2.3 Results of Lévy and Ciesielski

In this section we present proofs of the results of Lévy [36] and Ciesielski [9] concerning the regularity of Wiener paths in certain function spaces. Our main aim is to show that they both follow quite directly from Lévy’s decomposition of Wiener paths into the Faber system (8) combined with the characterization of the corresponding function spaces via the Faber system. For that sake, we summarize Theorems 5, 7, and Definition 8, which state the conditions on the coefficients guaranteeing that a function belongs to the function spaces considered by Lévy and Ciesielski. In particular, we choose a formulation, which corresponds directly to (8).

Theorem 9

Consider a function \(f\in C(I)\) with the representation

$$\begin{aligned} f(x)=\lambda _0v_0(x)+\lambda _1v_1(x)+\sum _{j=0}^\infty \sum _{m=0}^{2^j-1} 2^{-\frac{j+2}{2}} \lambda _{j,m}v_{j,m}(x),\quad x\in I, \end{aligned}$$

where \(\{v_0,v_1, v_{j,m}: \,j\in \mathbb {N}_0,\, m=0,\ldots , 2^j-1\}\) denotes the Faber system on the interval \(I=[0,1]\).

1. (i)

   f belongs to \(B^{1/2,1/2}_{\infty ,\infty }(I)\) if, and only if

   $$\begin{aligned} \sup _{j\in \mathbb {N}}\frac{1}{\sqrt{j}}\sup _{m=0,\ldots ,2^j-1}|\lambda _{j,m}| < \infty . \end{aligned}$$

   (19)
2. (ii)

   Let \(1\le p<\infty \). Then f belongs to \(B^{1/2}_{p,\infty }(I)\) if, and only if

   $$\begin{aligned} \sup _{j\in \mathbb {N}}\Bigl (\sum _{m=0}^{2^j-1} 2^{-j}|\lambda _{j,m}|^p\Bigr )^{1/p} < \infty . \end{aligned}$$

   (20)
3. (iii)

   f belongs to \(B^{1/2}_{{\Phi _2},\infty }(I)\) if, and only if

   $$\begin{aligned} \sup _{j\in \mathbb {N}}\sup _{p\ge 1}\frac{1}{\sqrt{p}}\Bigl (\sum _{m=0}^{2^j-1} 2^{-j}|\lambda _{j,m}|^p\Bigr )^{1/p} < \infty . \end{aligned}$$

   (21)

1. 1.

   Wiener paths belong to \(B^{1/2,1/2}_{\infty ,\infty }(I)\) almost surely (Lévy [36]) Comparing (8) with (19), it is enough to show that

   $$\begin{aligned} \sup _{j\in \mathbb {N}}\frac{1}{\sqrt{j}}\sup _{m=0,\ldots ,2^j-1}|\xi _{j,m}|<\infty \quad \text {almost surely}, \end{aligned}$$

   (22)

   where \(\{\xi _{j,m}:j\in \mathbb {N}, m=0,\ldots , 2^j-1\}\) are independent standard Gaussian variables.

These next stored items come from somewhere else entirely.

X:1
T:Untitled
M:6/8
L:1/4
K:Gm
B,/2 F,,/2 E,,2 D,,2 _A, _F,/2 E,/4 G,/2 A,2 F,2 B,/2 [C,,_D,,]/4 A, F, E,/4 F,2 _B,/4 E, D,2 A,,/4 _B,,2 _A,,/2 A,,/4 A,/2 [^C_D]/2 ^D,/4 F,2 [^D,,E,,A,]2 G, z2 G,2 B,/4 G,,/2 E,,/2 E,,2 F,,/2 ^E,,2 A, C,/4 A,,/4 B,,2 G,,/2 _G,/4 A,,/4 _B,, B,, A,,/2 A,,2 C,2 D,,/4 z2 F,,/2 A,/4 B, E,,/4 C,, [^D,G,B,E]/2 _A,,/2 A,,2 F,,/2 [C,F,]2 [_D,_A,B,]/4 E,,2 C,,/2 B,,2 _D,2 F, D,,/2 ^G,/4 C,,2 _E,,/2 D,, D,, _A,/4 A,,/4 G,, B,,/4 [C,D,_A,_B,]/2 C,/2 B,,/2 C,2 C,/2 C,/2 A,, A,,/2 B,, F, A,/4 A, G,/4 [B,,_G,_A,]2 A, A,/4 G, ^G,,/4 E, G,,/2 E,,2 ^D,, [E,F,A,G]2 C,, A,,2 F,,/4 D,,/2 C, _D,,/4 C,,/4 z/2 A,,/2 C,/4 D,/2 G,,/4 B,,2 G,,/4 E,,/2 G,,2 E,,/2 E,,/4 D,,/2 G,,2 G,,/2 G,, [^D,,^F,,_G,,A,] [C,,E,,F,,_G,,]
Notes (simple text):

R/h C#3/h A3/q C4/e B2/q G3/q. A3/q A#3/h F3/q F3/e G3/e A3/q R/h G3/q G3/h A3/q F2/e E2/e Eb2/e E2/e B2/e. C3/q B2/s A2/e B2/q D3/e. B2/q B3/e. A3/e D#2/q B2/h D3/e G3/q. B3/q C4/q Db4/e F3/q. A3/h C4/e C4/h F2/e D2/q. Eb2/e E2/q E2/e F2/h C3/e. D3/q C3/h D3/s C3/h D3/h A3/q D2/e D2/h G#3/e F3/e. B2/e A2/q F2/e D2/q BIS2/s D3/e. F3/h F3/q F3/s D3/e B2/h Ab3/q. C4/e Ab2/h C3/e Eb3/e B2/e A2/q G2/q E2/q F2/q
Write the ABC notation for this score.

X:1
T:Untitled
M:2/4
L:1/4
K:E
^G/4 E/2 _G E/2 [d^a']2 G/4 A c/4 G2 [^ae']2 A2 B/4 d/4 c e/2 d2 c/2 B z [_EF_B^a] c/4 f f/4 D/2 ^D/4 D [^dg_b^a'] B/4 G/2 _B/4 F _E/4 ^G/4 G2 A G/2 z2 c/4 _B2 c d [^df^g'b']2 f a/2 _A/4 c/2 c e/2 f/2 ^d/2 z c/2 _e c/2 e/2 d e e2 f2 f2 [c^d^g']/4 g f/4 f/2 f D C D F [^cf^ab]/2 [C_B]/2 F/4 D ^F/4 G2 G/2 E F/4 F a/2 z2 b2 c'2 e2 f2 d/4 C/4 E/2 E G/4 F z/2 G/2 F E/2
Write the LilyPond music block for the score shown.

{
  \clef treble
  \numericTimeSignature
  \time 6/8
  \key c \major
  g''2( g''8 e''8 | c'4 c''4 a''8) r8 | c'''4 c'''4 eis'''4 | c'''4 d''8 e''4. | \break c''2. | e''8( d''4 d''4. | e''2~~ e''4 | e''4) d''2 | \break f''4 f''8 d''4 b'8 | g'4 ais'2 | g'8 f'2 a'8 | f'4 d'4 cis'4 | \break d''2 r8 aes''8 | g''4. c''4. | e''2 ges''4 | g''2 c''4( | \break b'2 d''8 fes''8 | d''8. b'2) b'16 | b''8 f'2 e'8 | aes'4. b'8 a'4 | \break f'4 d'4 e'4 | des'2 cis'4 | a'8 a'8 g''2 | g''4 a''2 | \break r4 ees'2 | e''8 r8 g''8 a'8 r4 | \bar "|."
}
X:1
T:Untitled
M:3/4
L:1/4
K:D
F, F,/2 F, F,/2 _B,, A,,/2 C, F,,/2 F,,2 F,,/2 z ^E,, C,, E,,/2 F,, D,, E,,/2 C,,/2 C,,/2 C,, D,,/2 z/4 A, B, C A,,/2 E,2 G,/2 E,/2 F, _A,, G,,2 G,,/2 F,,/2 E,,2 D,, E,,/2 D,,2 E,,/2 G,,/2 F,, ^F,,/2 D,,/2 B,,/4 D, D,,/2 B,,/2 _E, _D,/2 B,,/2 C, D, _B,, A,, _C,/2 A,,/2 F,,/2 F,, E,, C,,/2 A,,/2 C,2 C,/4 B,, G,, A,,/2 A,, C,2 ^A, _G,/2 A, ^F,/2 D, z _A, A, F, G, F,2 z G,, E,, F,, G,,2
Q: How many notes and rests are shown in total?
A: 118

   To prove (22), we denote by \(A^N_{j}\) the event when \(\sup _{m=0,\ldots ,2^{j}-1}|\xi _{j,m}|\ge N\sqrt{j}\) and estimate

   $$\begin{aligned} {{\mathbb {P}}}(A^N_{j})\le 2^j{{\mathbb {P}}}(|\omega |\ge N\sqrt{j})\le 2^j e^{-N^2j/2}, \end{aligned}$$

   (23)

   where we used the estimate from Lemma 27 (i). Using an estimate, which resembles the approach of the Borel-Cantelli lemma and which we shall use frequently later on, we obtain for every positive integer \(N_0\),

   $$\begin{aligned} {{\mathbb {P}}}\Bigl (\sup _{j\in \mathbb {N}}\frac{1}{\sqrt{j}}\sup _{m=0,\ldots ,2^j-1}|\xi _{j,m}|=\infty \Bigr )&={{\mathbb {P}}}\Bigl (\bigcap _{N=1}^\infty \bigcup _{j=1}^\infty A^N_{j}\Bigr )\le {{\mathbb {P}}}\Bigl (\bigcup _{j=1}^\infty A^{N_0}_{j}\Bigr )\nonumber \\&\le \sum _{j=1}^\infty {{\mathbb {P}}}\bigl (A^{N_0}_{j}\bigr ) \le \sum _{j=1}^\infty 2^j e^{-N_0^2 j/2}. \end{aligned}$$

   (24)

   As the last expression tends to zero if \(N_0\rightarrow \infty ,\) this finishes the proof of (22).

2. 2.

   Wiener paths belong to \(B^{1/2}_{p,\infty }(I)\) almost surely (Ciesielski [8])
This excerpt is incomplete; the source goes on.